At 14 dai, Iporá-derived plants were dead. At this time, bacteria were displayed with a high load and wide distribution in the basal stem of clone 09509.6 wild-type (Figure 5A). Interestingly, fluorescent bacteria were not detected in none of the plants of clone 09509.6 atefr 34 (Figure 5B).
Taking together, atefr transgenic plants show more resistance in part because they are more effective at preventing pathogen multiplication at the stem base, thus hindering its spread to the aerial part, which explains the delayed onset of wilting symptoms in our trial.

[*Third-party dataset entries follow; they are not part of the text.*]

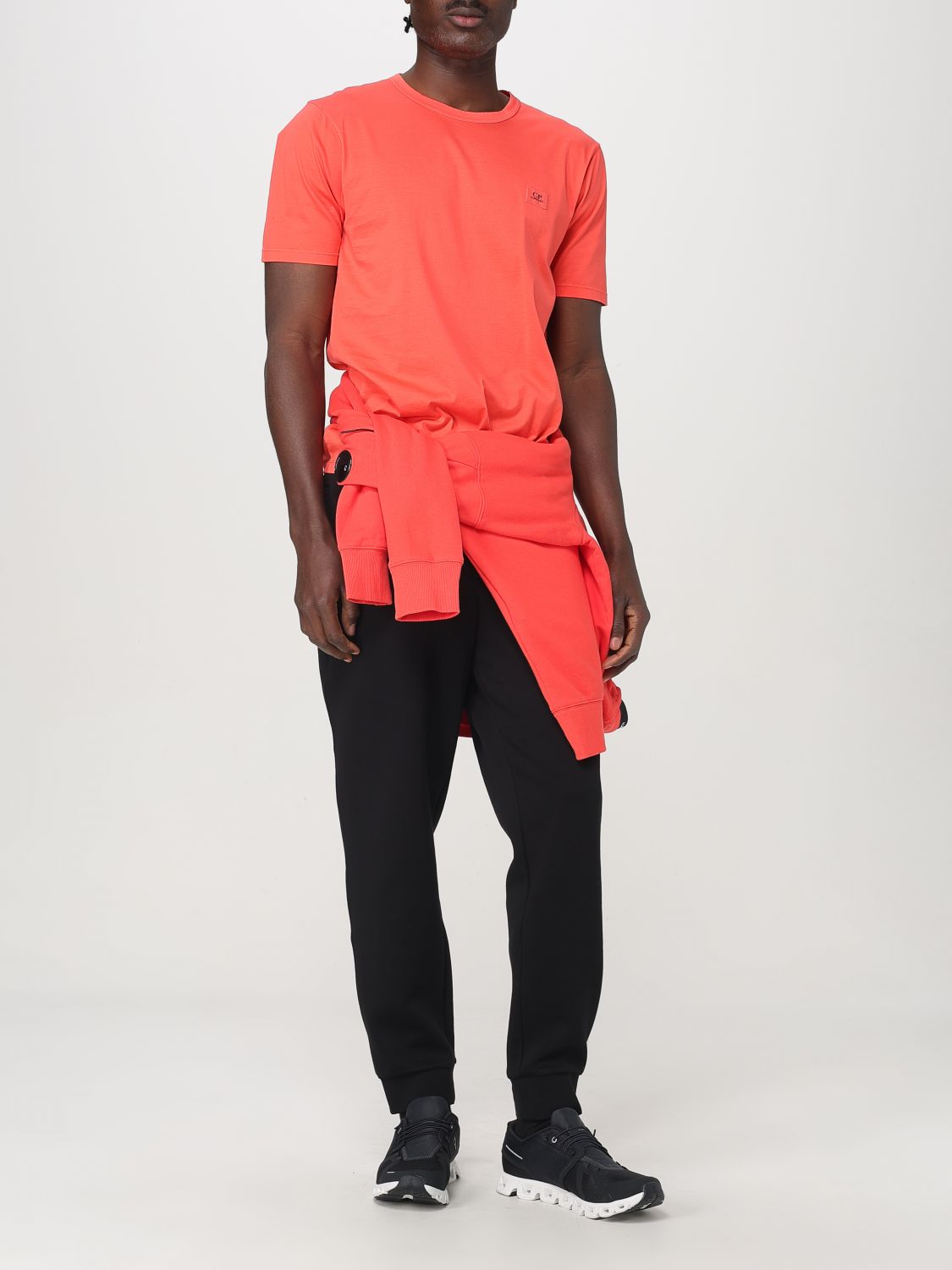 Activewear T-Shirt by C.P. Company for men in cotton multicolor features a sporty silhouette with and , showcasing innovative for a sporty finish.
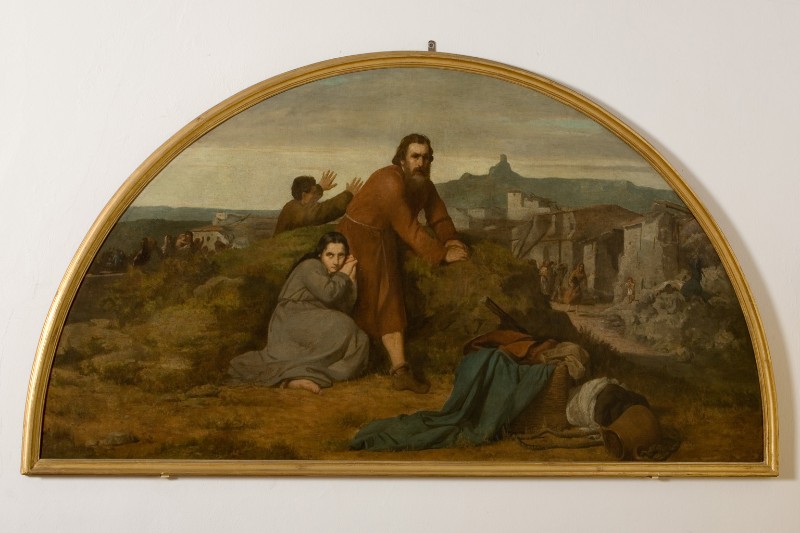 Lega S. (1863), Dipinto in lunetta de Il Terremoto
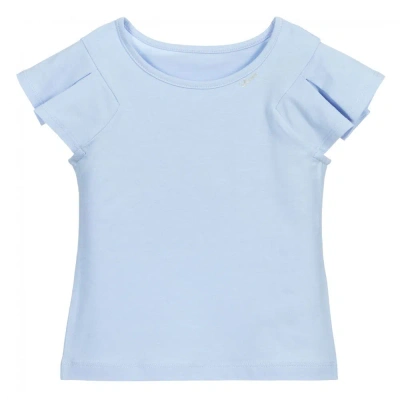 Lapin House Babies' Girls Blue Cotton T-shirt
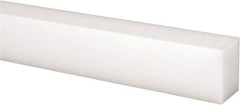 Made in USA - 1 Ft. Long x 1 Inch Wide x 3/4 Inch High, Acetal, Rectangular Plastic Bar - Natural - Eagle Tool & Supply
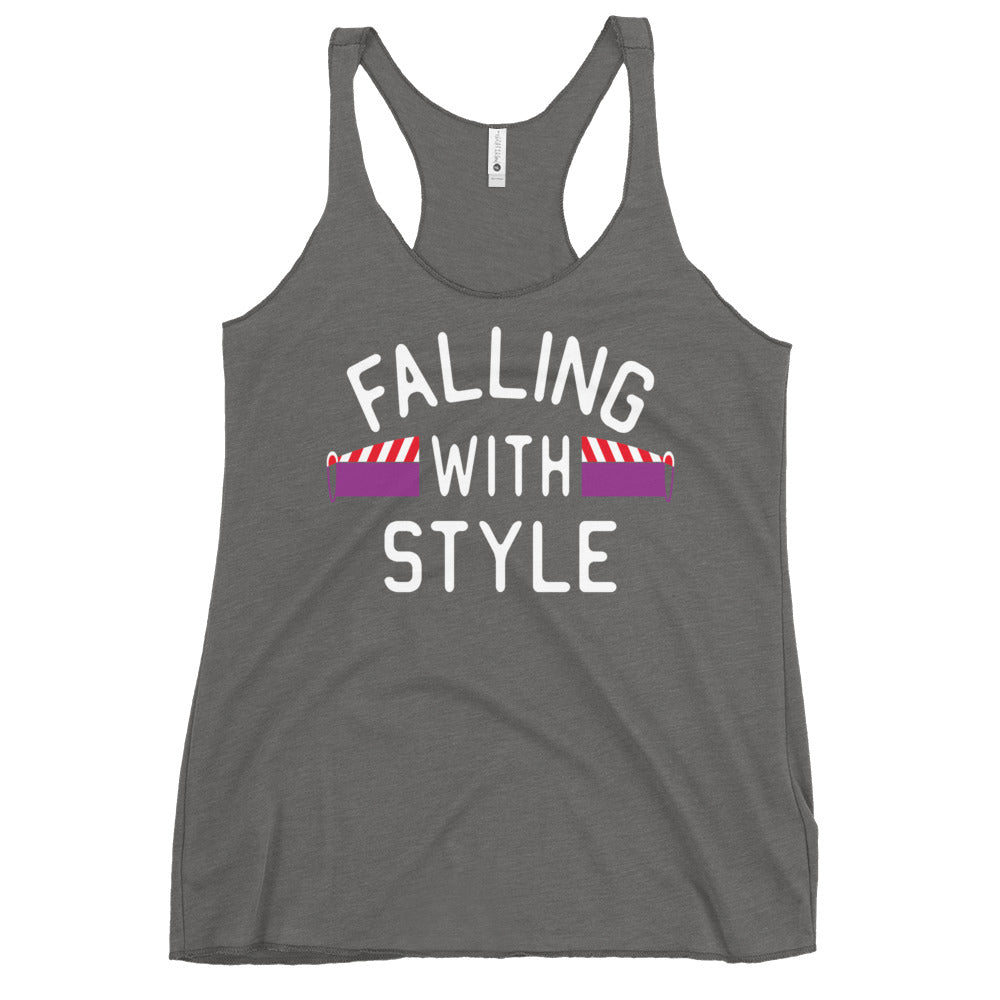 Falling With Style Women's Racerback Tank
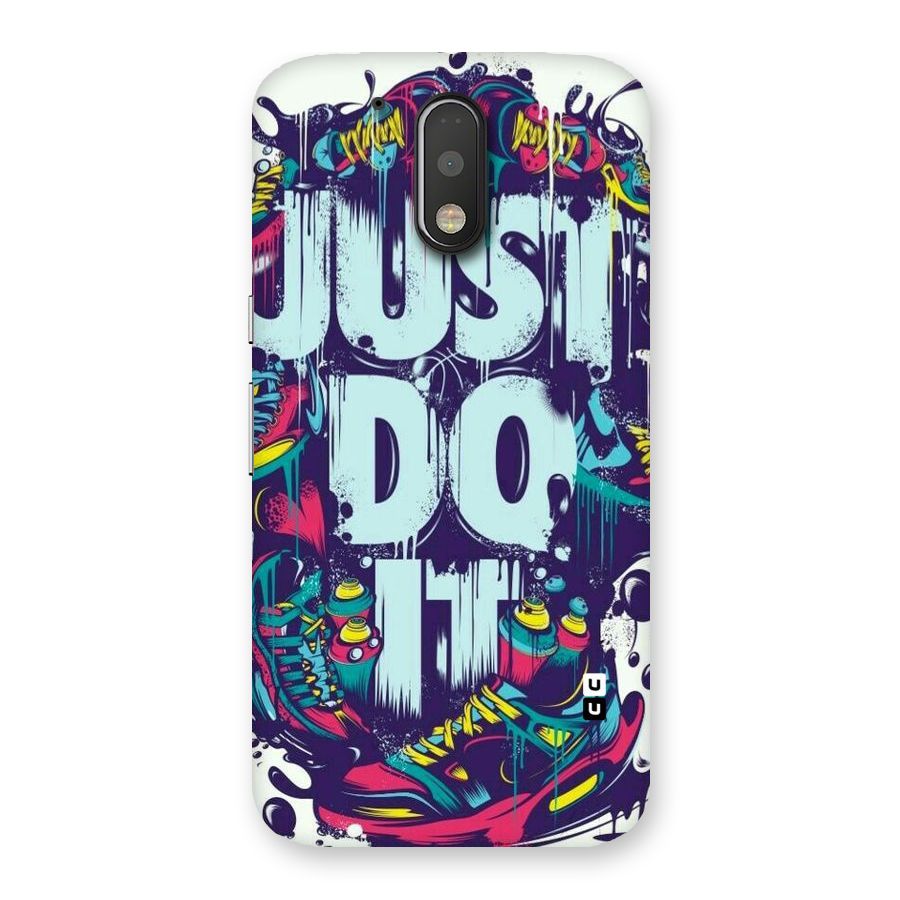 Do It Abstract Back Case for Motorola Moto G4 Plus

In a similar study, it was also shown that efr-based resistance in tomato is due to restricted bacterial colonization from lower stem17. Interestingly, this capability to restrict bacterial colonization by limiting dissemination along the stem was observed in non-transgenic resistant potato32 and tomato plants49)(50.
4. Conclusions
In this study, we proved that atefr-transformed potato lines display higher bw resistance levels compared to the non-transformed genotypes. The atefr effect was verified for the first time in conditions resembling those in the field. These results highlight the potential of atefr potato plants as a promising commercial crop alternative method. Furthermore, the combination of a pamp receptor reinforcing pti, with introgressed quantitative resistance, turned out to be a valuable strategy, showing better results than using each approach separately.
In addition, by comparing pathogen colonization patterns among the genotypes, we conclude that resistance improvement of atefr genotypes could be attributed to a more effective restriction of the pathogen at stem base, hindering its spread to the aerial part of the plant, which explains the reduced and delayed onset of wilting symptoms. Wholly preventing the spread of the bacteria through the tubers continues to be a goal for improvement.
In prospect, it would be very useful to perform a massive transcriptomic analysis (rna-Seq) in order to identify genes associated with the response mediated by the efr/ef-tu recognition, as well as the effect of minor resistance genes introduced by conventional breeding.